Folk Music is the trio’s newest CD, due for release by Origin Records on October 16. “What we do is kind of a folk music because of the legacy of organ combos in jazz,” says guitarist Broom, who produced the new CD. “The organ used to be in all the clubs. We used to groove to it, go out to the neighborhood tavern and hang out, listen to the organ groups, and have a good time.
”But I was also thinking of what folk music is -- a music of, by, and for the people,“ says Broom. ”The common folk, if you will. And people do respond strongly to our music.“
Folk Music’s repertoire places an emphasis on the full continuum of the black music experience, from the Ohio Players (”Sweet Sticky Thing“) and Stephanie Mills (”Never Knew Love Like This Before“) to standards (”I Thought About You“) and mainstream jazz (Lee Morgan’s ”Ceora,“ Hank Mobley’s ”This I Dig of You,“ ”Short Story“ by Kenny Dorham), with the Beatles thrown in for good measure (”She’s Leaving Home“).
Broom, who leads his own guitar/bass/drums trio, sees the guitar/organ/drums format as a whole other challenge. ”All the guitarists I listened to coming up played with great organists -- Pat Martino with Charles Earland and later with Don Patterson, George Benson with Jack McDuff, Wes Montgomery with Mel Rhyne, and Kenny Burrell (and just about all of the aforementioned guitarists) with Jimmy Smith. It’s part of the guitar idiom and lineage,“ he points out.

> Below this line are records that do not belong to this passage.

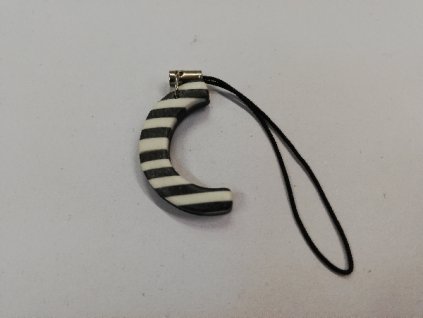 Fimo přívěsek na mobil písmeno C černobílý 2,5 cm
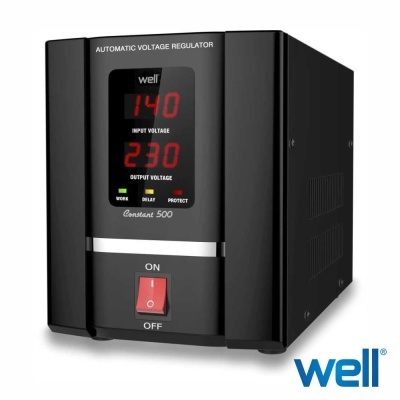 Regulador automático de voltagem preto Well Constant 500 com visor digital e botão de ligar/desligar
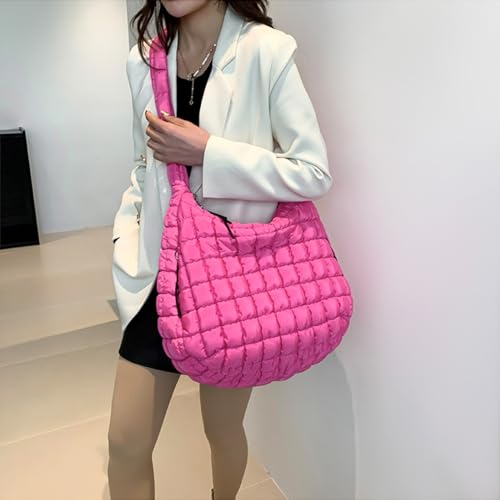 LaurelTree Quilted Puffer Crossbody Bag Lightweight Nylon Puffer Tote Bags Puffy Shoulder Bag Carryall Hobo Bags for Women3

”The first person I really heard in jazz was Charles Earland, and then I got an opportunity to work with him for many years, as did Greg [Rockingham]. So to be in a situation to play with Chris [Foreman], who’s lesser known but is one of those organists of the highest order, is important to me. I place a high value on this group, because I understand their level of musicianship.“
In the Tradition
Earland’s Black Talk was the record that captivated Bobby Broom, who was born (1961) and raised in New York. While attending the High School of Music and Art, he got the call to audition for Sonny Rollins and made his debut, at age 16, with Rollins at Carnegie Hall (he’s been a member of Rollins’s current band since 2005). Broom relocated to Chicago in the early 1980s, and was soon playing and recording with Earland. (His other sideman credits include Tom Browne, Kenny Burrell, and Dr. John.)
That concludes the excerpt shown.